» Task prompt
Practice item. Set the material below down again exactly, with no pictures.
(Dataset Opens)
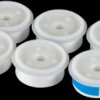 39962.2A Reel Cleaner refill pack of 6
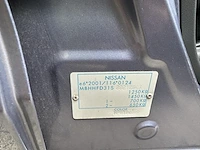 Nissan pixo, 2010 - afbeelding 9 van  17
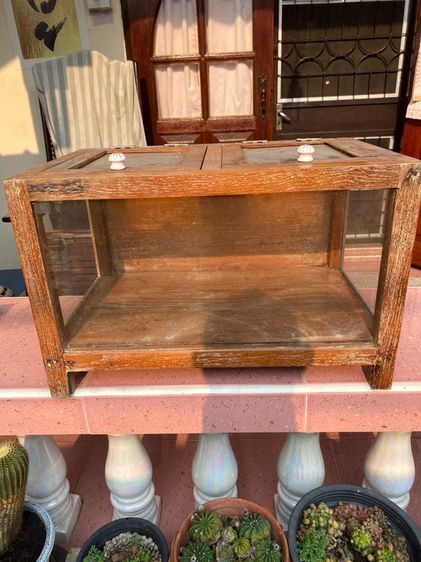 อื่นๆ ตู้ขายอ้อย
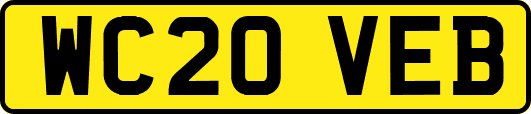 WC20VEB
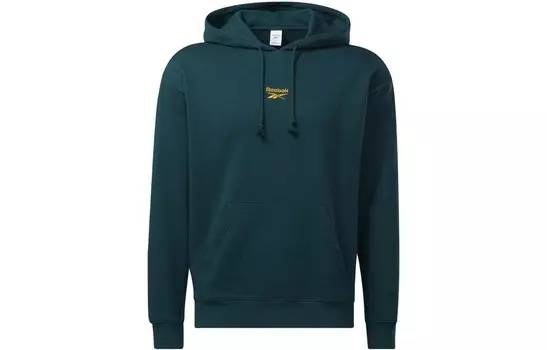Толстовка унисекс Джаспер Reebok, цвет Jasper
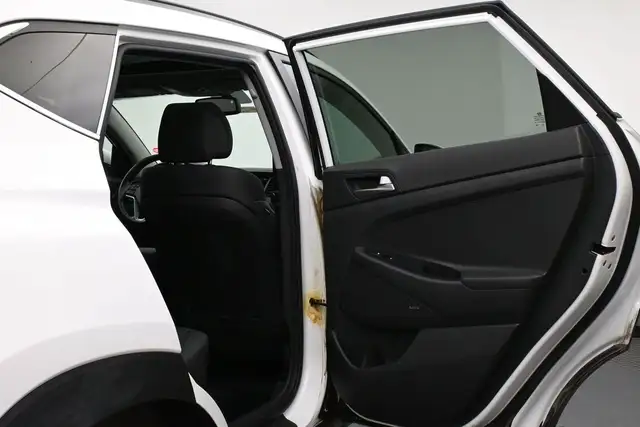2018 Hyundai Tucson Luxury AWD Leather, Sunroof, Apple/Android, - Photo 29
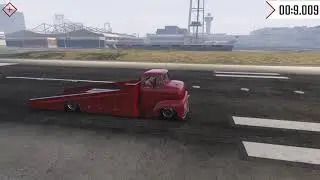 Vapid Slamtruck Drag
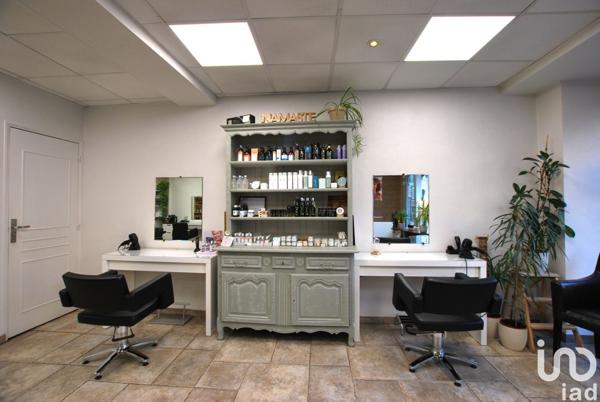 Boutique/Local commercial à vendre 102 m² Briare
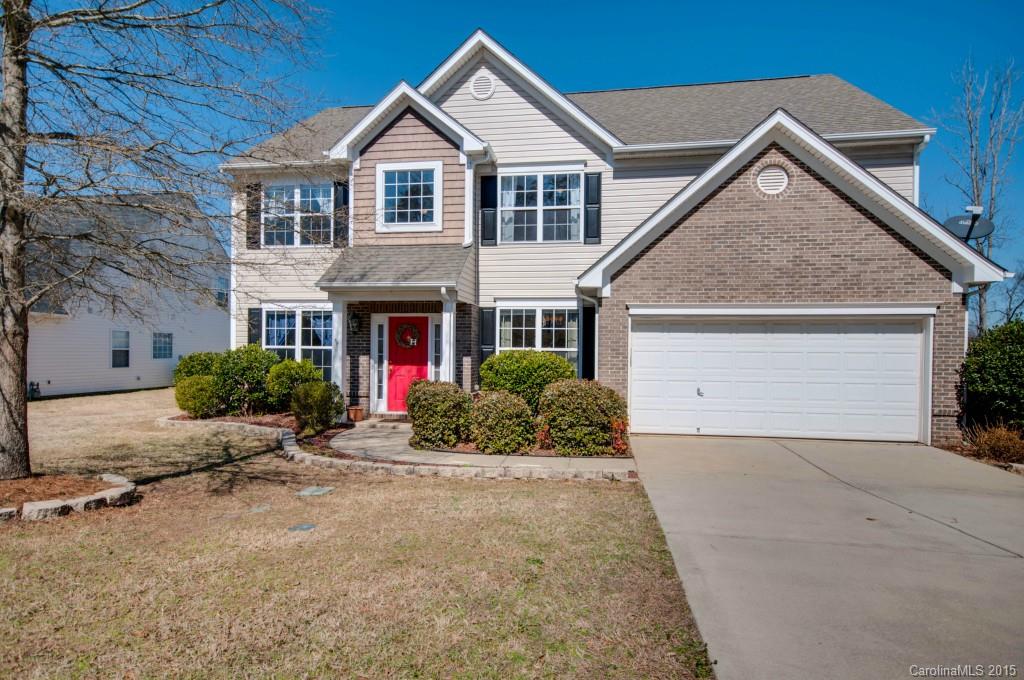 Ebenezer Village - Residential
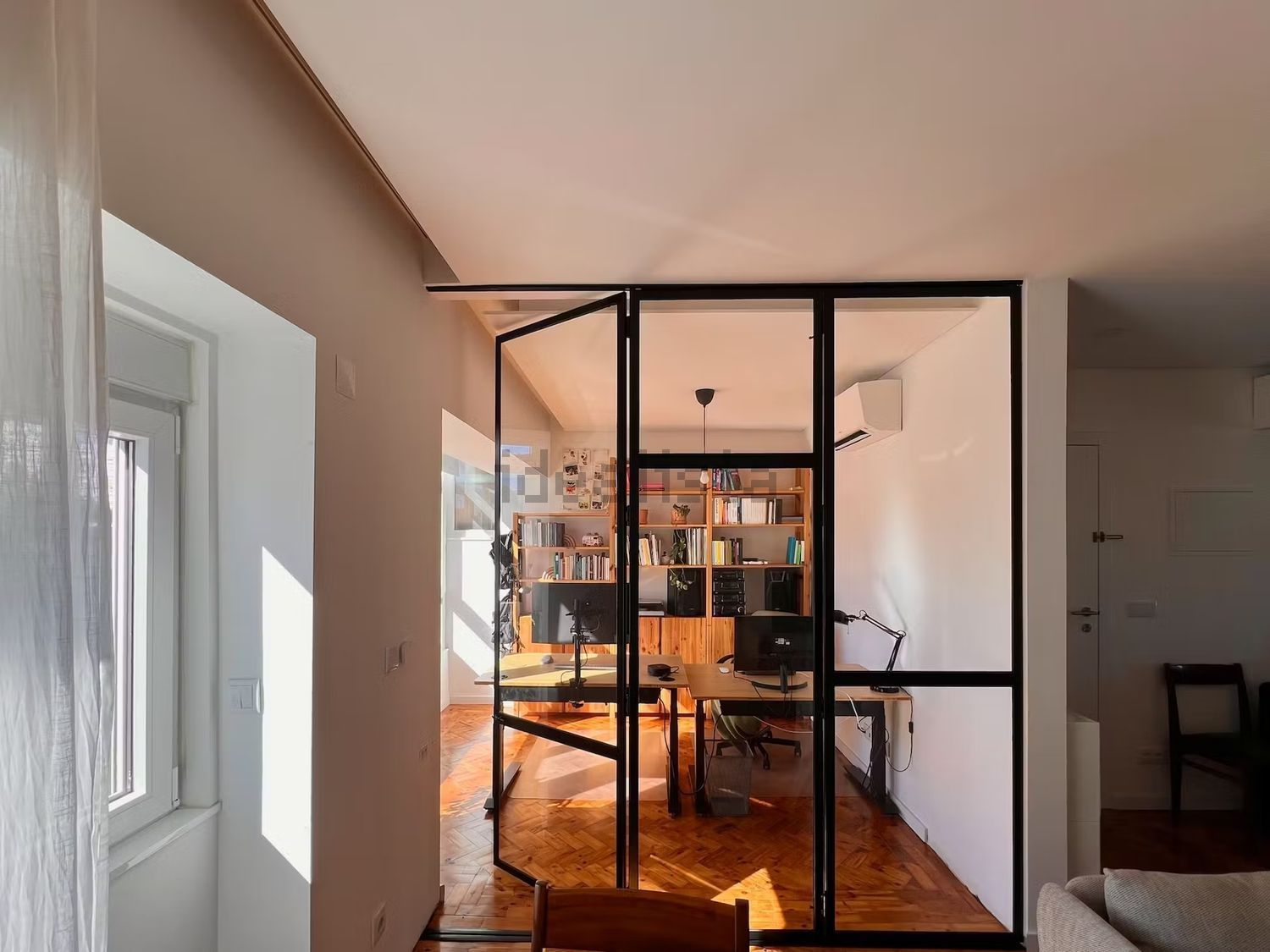 出租公寓 t2在Rua Doutor Oliveira Ramos, 38 - 照片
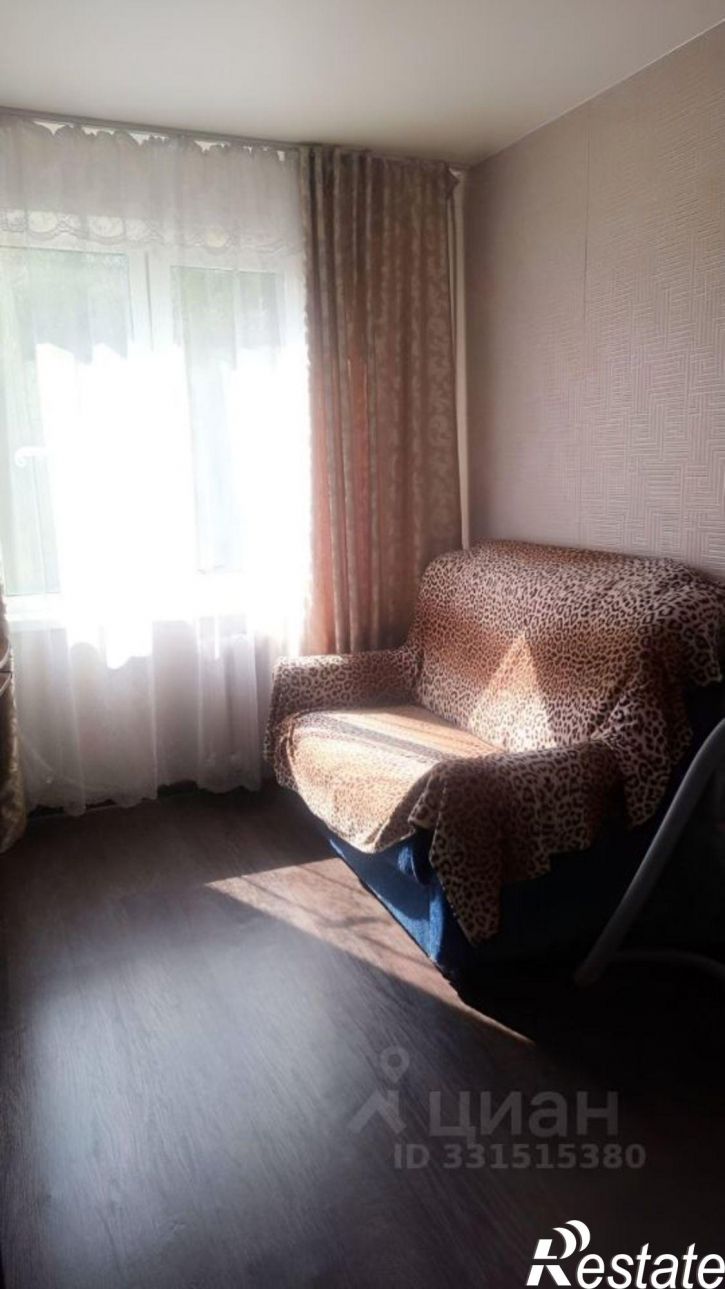 4-комн квартира ул Георгиева, 9,  д. 9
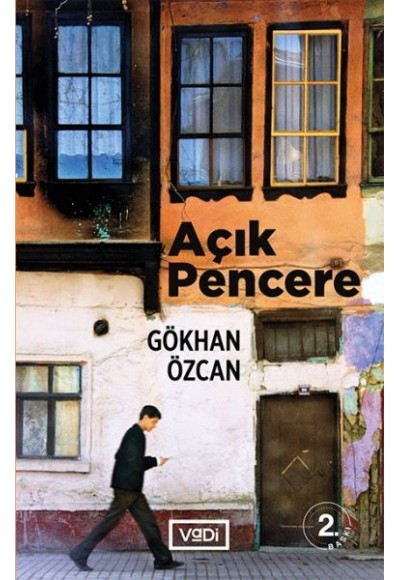 Açık Pencere
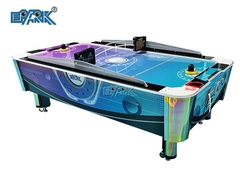 Hockey estupendo de la velocidad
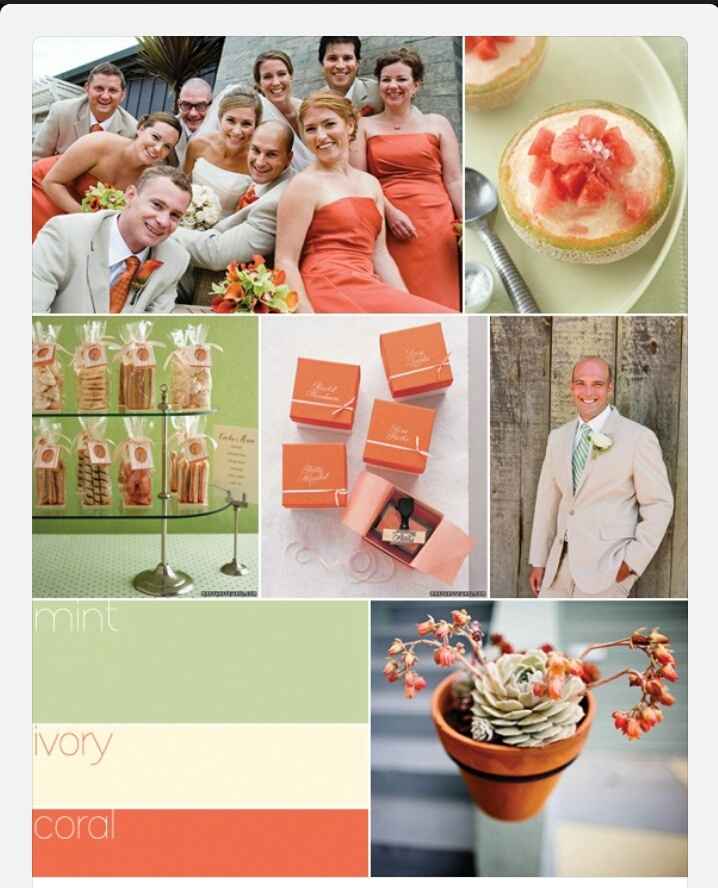 Combinación boda - 5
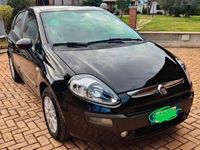 Usata Fiat Punto Evo Sport 95 CV (69 kW) 2010 Utilitaria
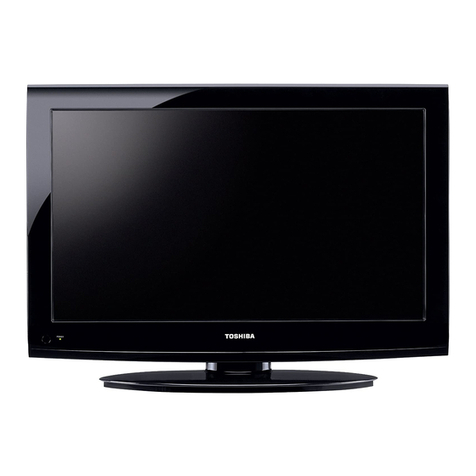 Toshiba 32DT1U User manual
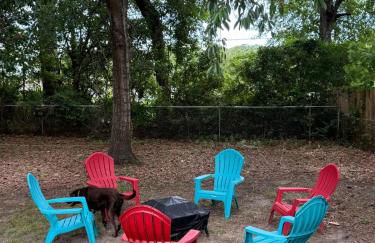 Fort Freedom - Photo 44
(Dataset Closes)
» Solution to this task
 39962.2A Reel Cleaner refill pack of 6
 Nissan pixo, 2010 - afbeelding 9 van  17
 อื่นๆ ตู้ขายอ้อย
 WC20VEB
Толстовка унисекс Джаспер Reebok, цвет Jasper
2018 Hyundai Tucson Luxury AWD Leather, Sunroof, Apple/Android, - Photo 29
 Vapid Slamtruck Drag
 Boutique/Local commercial à vendre 102 m² Briare
 Ebenezer Village - Residential
 出租公寓 t2在Rua Doutor Oliveira Ramos, 38 - 照片
 4-комн квартира ул Георгиева, 9,  д. 9
 Açık Pencere
 Hockey estupendo de la velocidad
 Combinación boda - 5
 Usata Fiat Punto Evo Sport 95 CV (69 kW) 2010 Utilitaria
 Toshiba 32DT1U User manual
 Fort Freedom - Photo 44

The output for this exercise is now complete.